## [To do]
For this exercise, copy exactly every line from the one holding "Used 2017 Volkswagen GTI S FWD image 2" through the end of the data, both included. Omit pictures.

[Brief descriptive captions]
______________________________

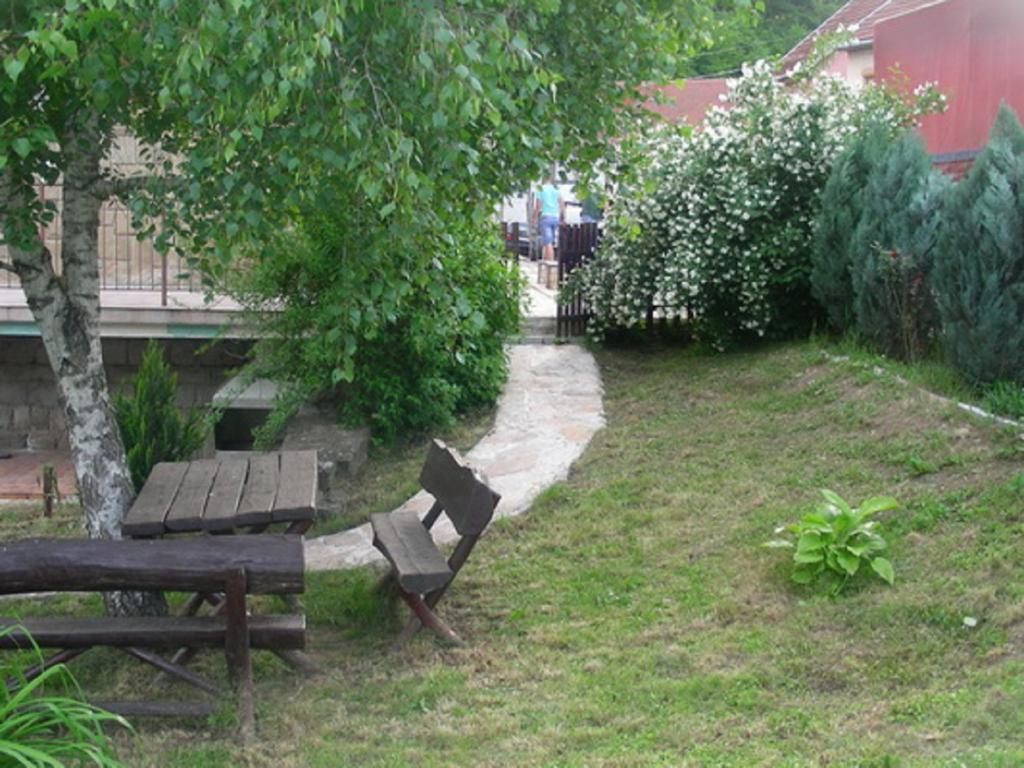 Guesthouse Smiljanic Slavkovica Exterior foto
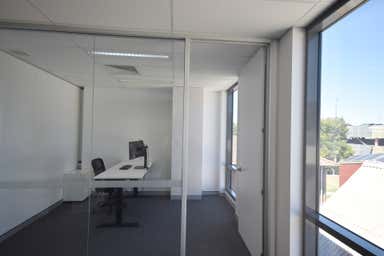 Level 1, 4/576 Kiewa Street Albury NSW 2640 - Image 4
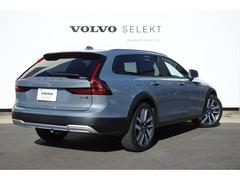 誰が見てもＶＯＬＶＯと分かる「Ｌ」型のテールレンズは、後続車への視認性も良く安全に寄与します。 4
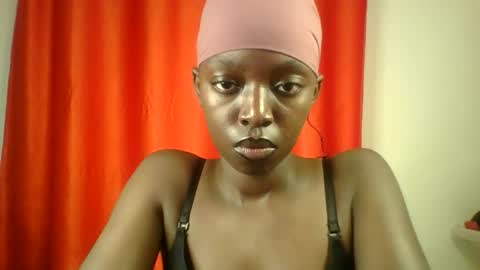 Snapshot of pretty_hearts chatting on 03/02/26, 02:58 Shillah online show from 03/02/26, 02:58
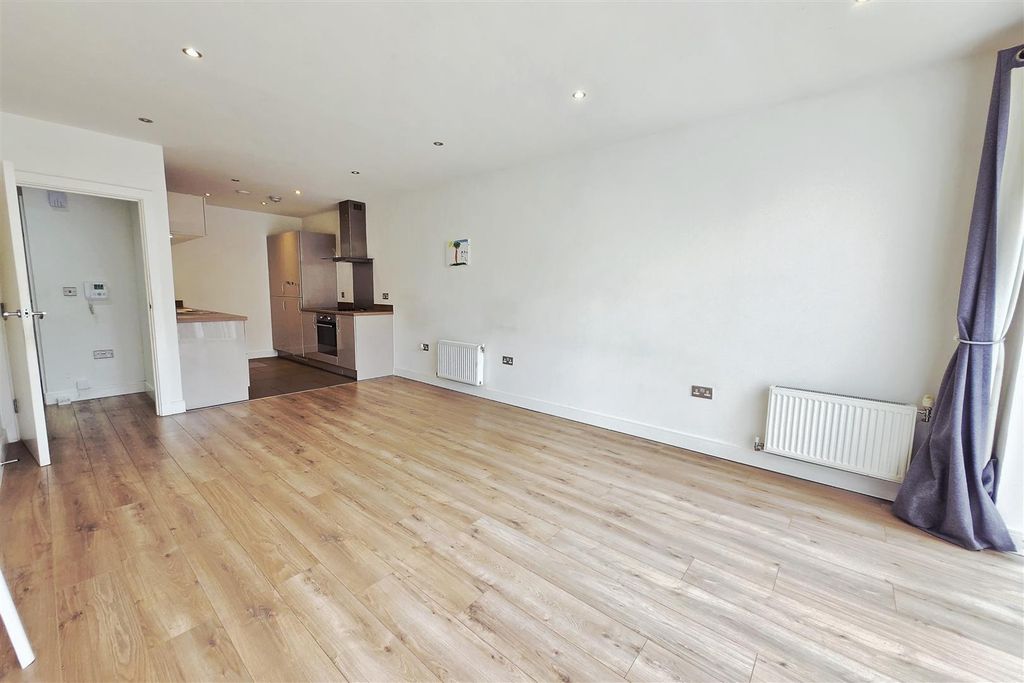 Property photo 2 of 10 Living / Dining Room (Pic 2)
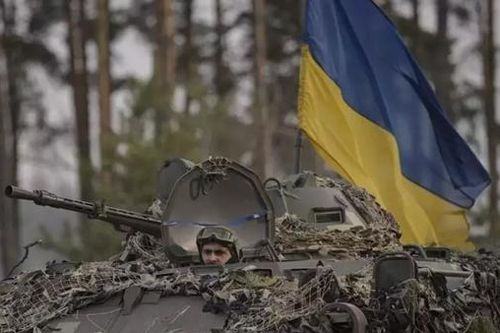 Ukraine tiếp nhận pháo phản lực siêu khủng, cục diện chiến trường có thay đổi?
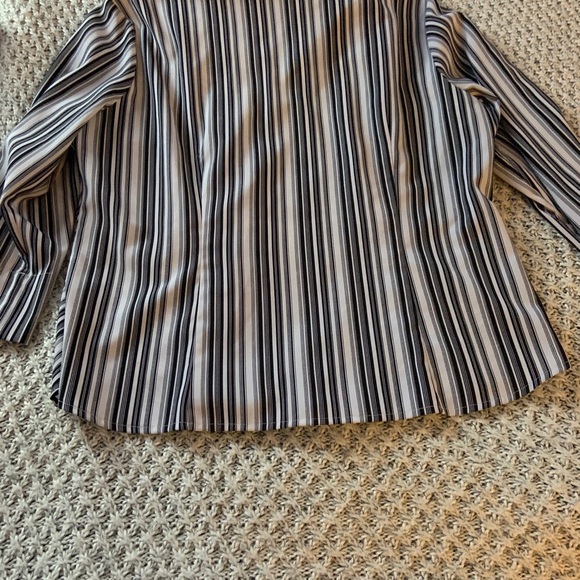 🔆Moving Sale 20% Off🔆 Black&White Chevron Blouse - Picture 4 of 4
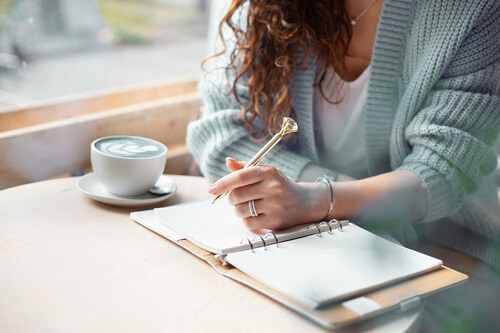 The Link Between Wellness Goals and Personal Growth 3 The Link Between Wellness Goals and Personal Growth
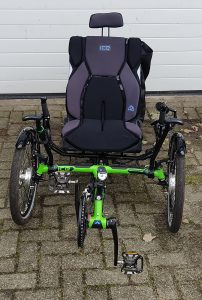 Ice Adventure hr 26 RS van voor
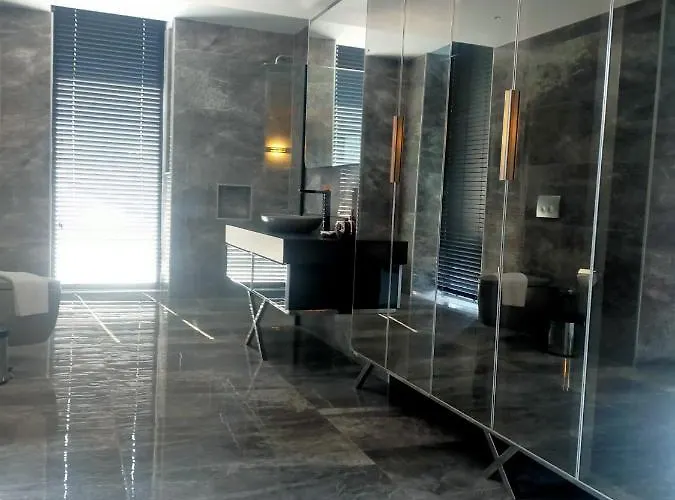 Casa Blanca Villa *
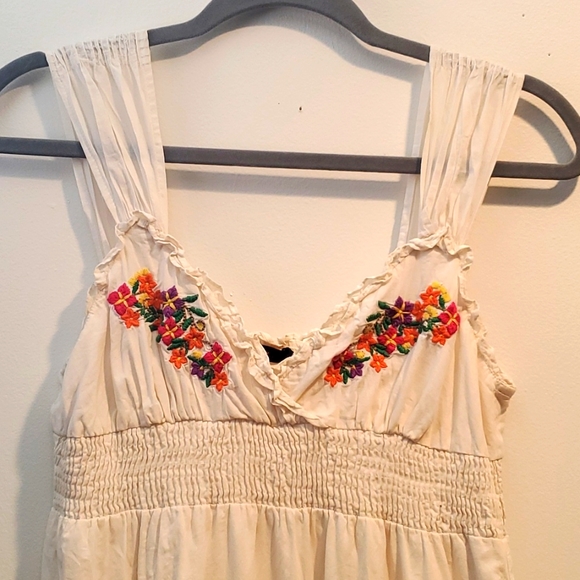 Urban Outfitters Lux brand embroidered mini dress - Picture 2 of 6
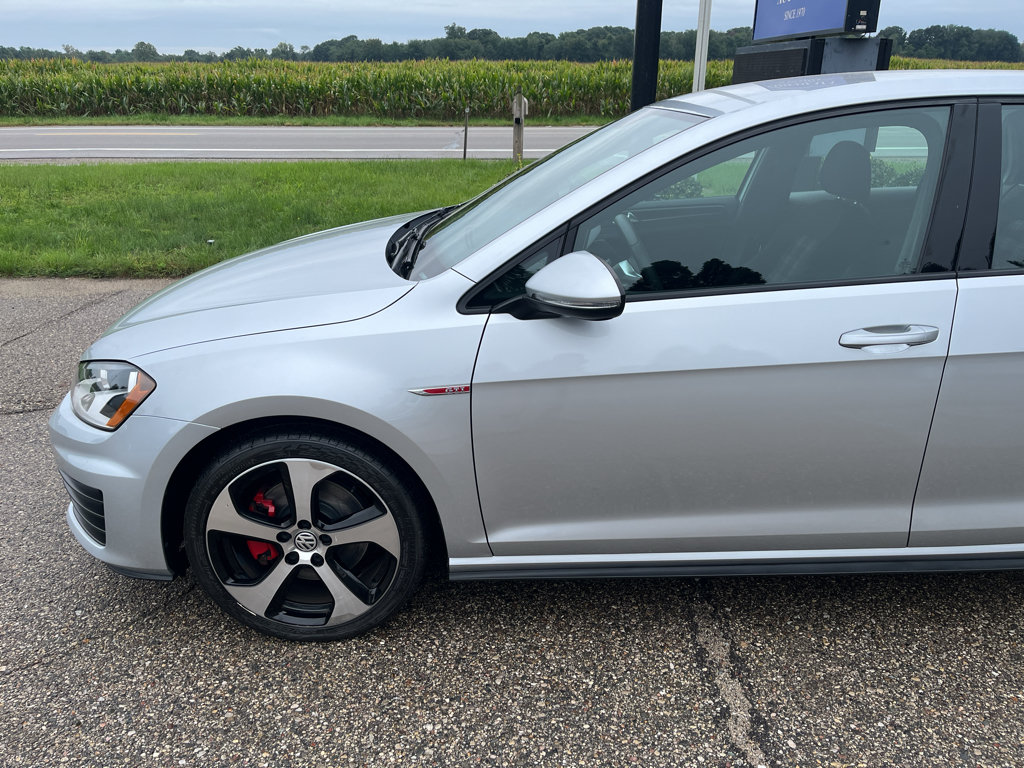 Used 2017 Volkswagen GTI S FWD image 2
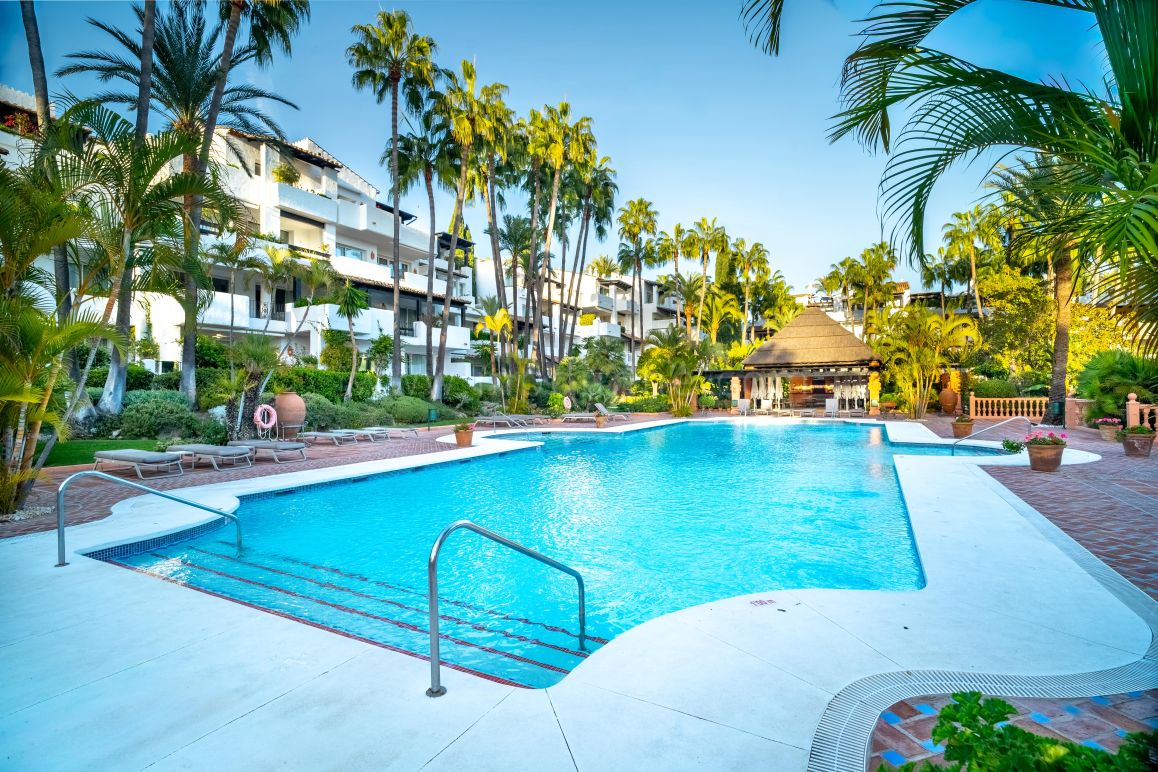 Beachside Puente Romano Luxury Apartment, Golden Mile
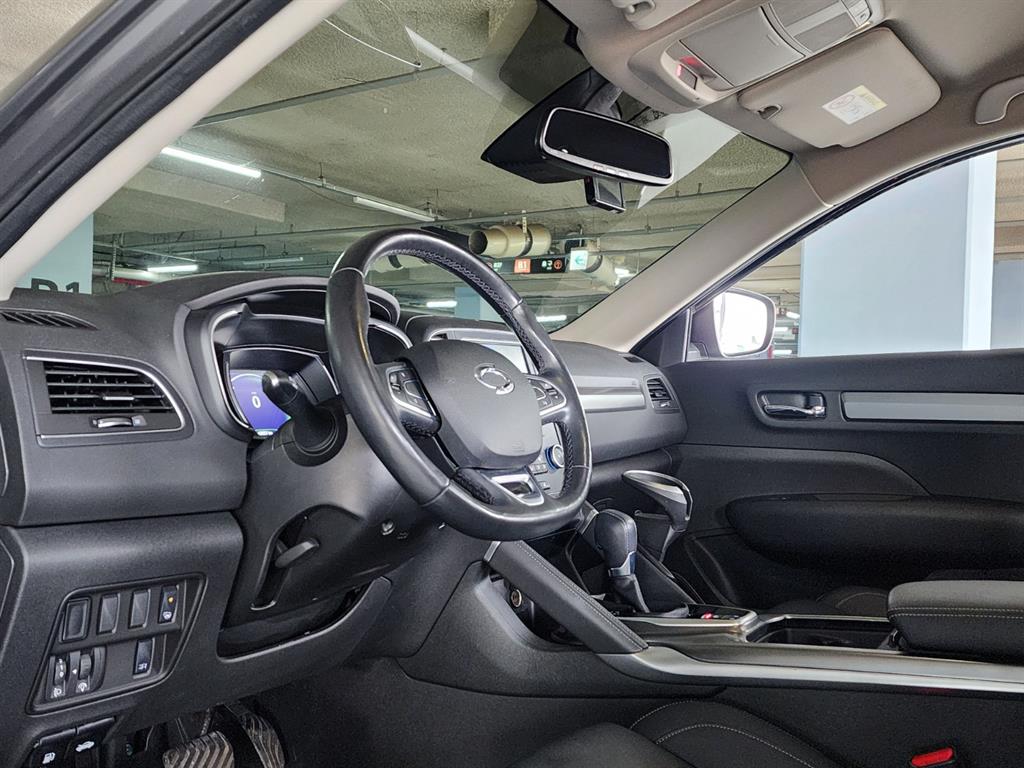 SAMSUNG QM6 - Vista 12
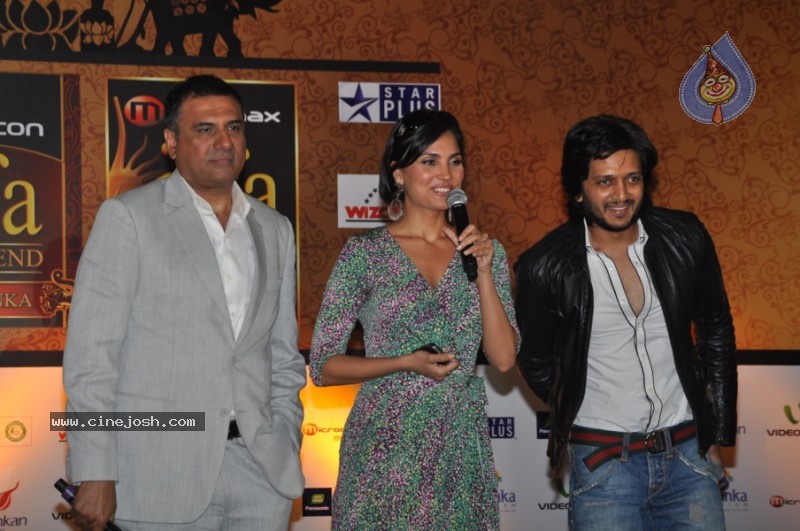 Salman, Lara Dutta, Ritesh at IIFA 2010 Press Meet - 40 / 40 photos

______________________________

## [Reply]
 Used 2017 Volkswagen GTI S FWD image 2
 Beachside Puente Romano Luxury Apartment, Golden Mile
 SAMSUNG QM6 - Vista 12
 Salman, Lara Dutta, Ritesh at IIFA 2010 Press Meet - 40 / 40 photos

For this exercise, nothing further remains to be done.